March 5th, 2012 at 1:31 PM ^

Between the shot made at the end of the OSU game till this post, I haven't seen ANYBODY bring that stuff up.  Till Brian did here. It really has nothing to do with it.  As echoWhiskey says below, it might have made for two interesting separate posts, but put together it's forced, and unnecessary. The only one detracting from what the 2011-2012 Michigan Basketball team accomplished by making comparisons is Brian, and yourself, apparently.  On a day it should be all about them, someone's still talking about 20 years ago.  Off some comment Jalen made 4 days ago, before we had won anything.

It's a fine and defendable take on that era. But to tie it into what happened yesterday is kinda unseemly. This year's team rescued us from cheap facilities, bad coaching hires, and questionable recruiting far more than it did any sanction we got after. Because lots of teams have been hammered and come back faster than that. We were our own worst enemy.

MosherJordan

March 5th, 2012 at 1:17 PM ^

We can't point a finger at OSU and Pryor without being utter hypocrites unless we accept that we were once guilty of the same, and that what seperates Michigan from Ohio is that we regret that we came up short of our high standards, not that we got caught.

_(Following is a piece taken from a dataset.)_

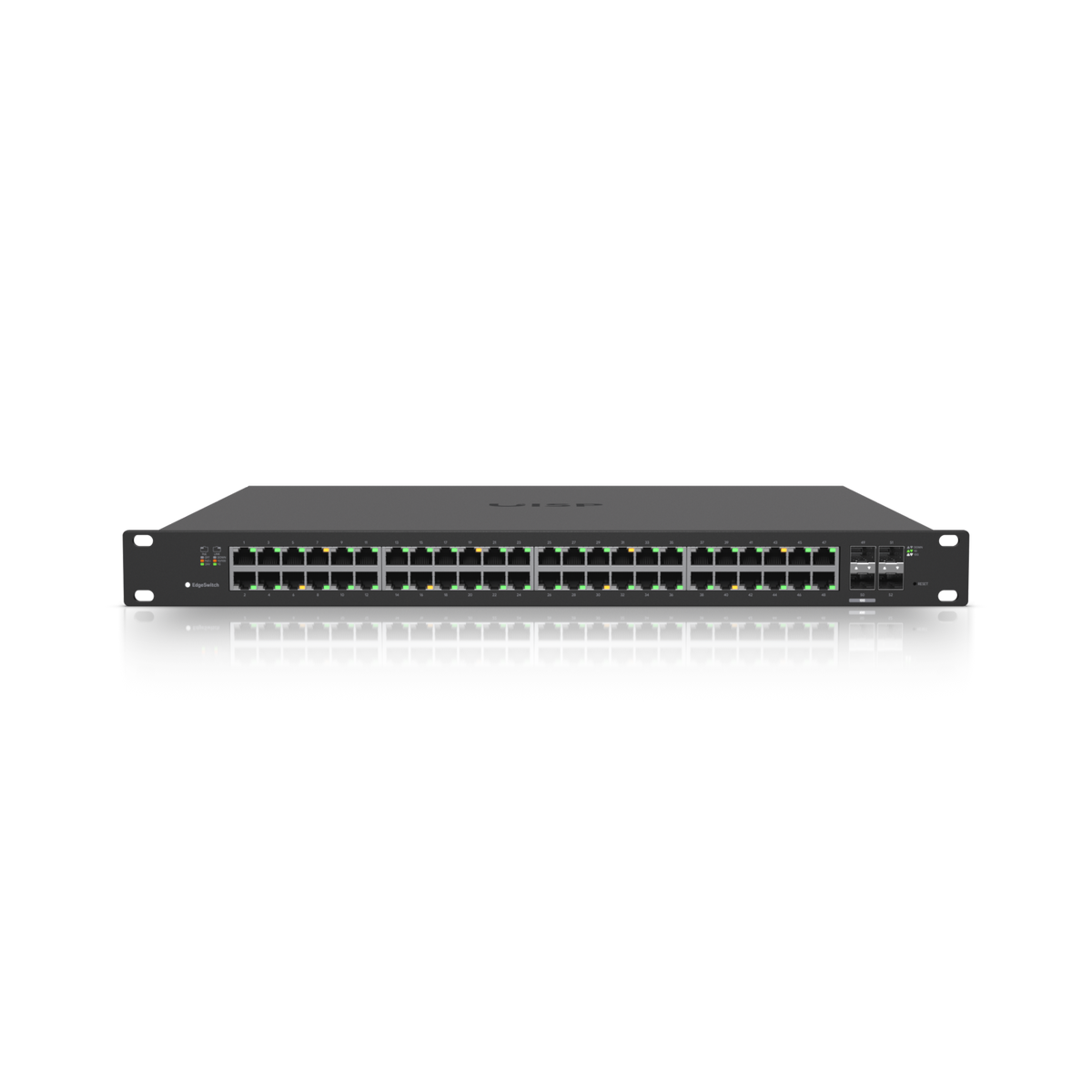Ubiquiti EdgeSwitch 48 PoE 500W , 48 Gigabit PoE+ Ports, 2 SFP+ and 2 SFP, 500W PoE, 1U Rackmount atomoffice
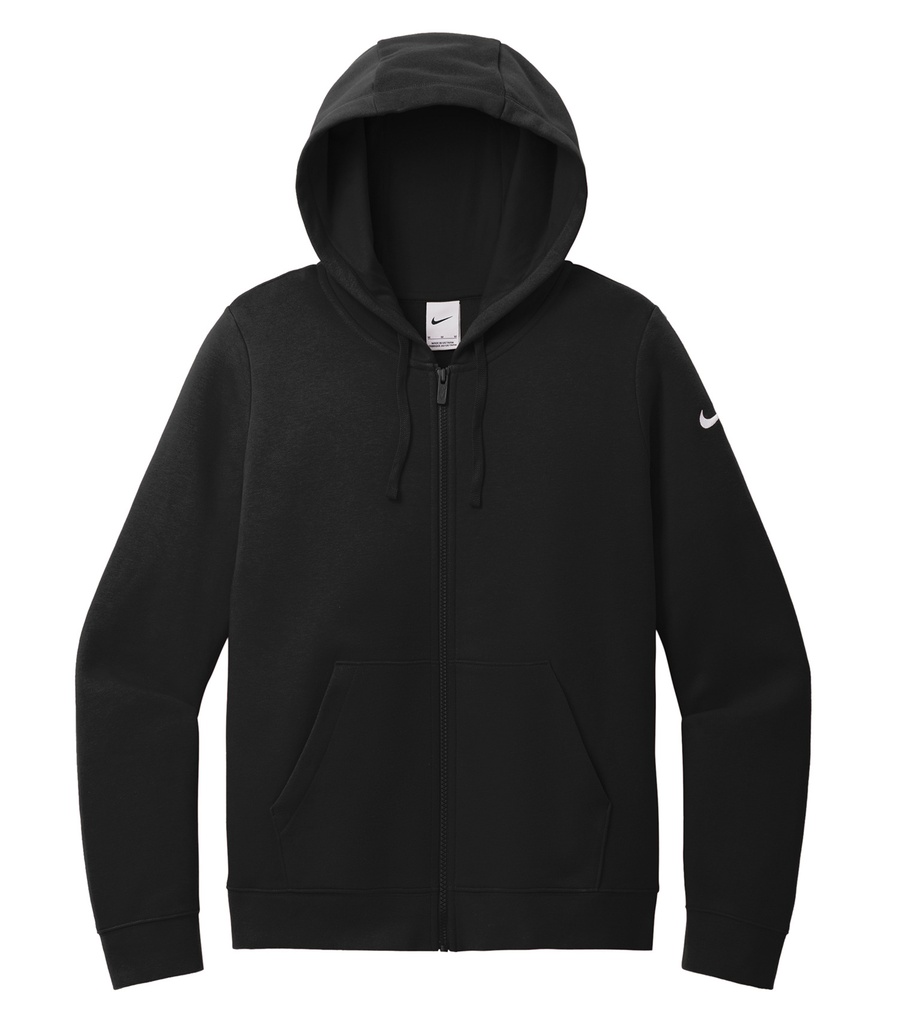 NIKE CHANDAIL À CAPUCHON À GLISSIÈRE MOLLETON CLUB AVEC SWOOSH À LA MANCHE POUR FEMMES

This is Michigan Fergodsakes!

echoWhiskey

March 5th, 2012 at 1:19 PM ^

Ughh... these should have been seperate posts.  Let's take time to celebrate the present without rehashing the past.  It's important to remember where this program came from, but this post has needless broad assumptions that sure put a damper on the tenor of it.

I'm elated for the current team and it's important to recognize that they've accomplished something that hasn't been done in more than 20 years - even without taking into account Fab Five mind-erasing.  

But tying that into the Fab Five and that era seems forced here.  Perhaps that's just because I disagree with so much of Brian's take on that era.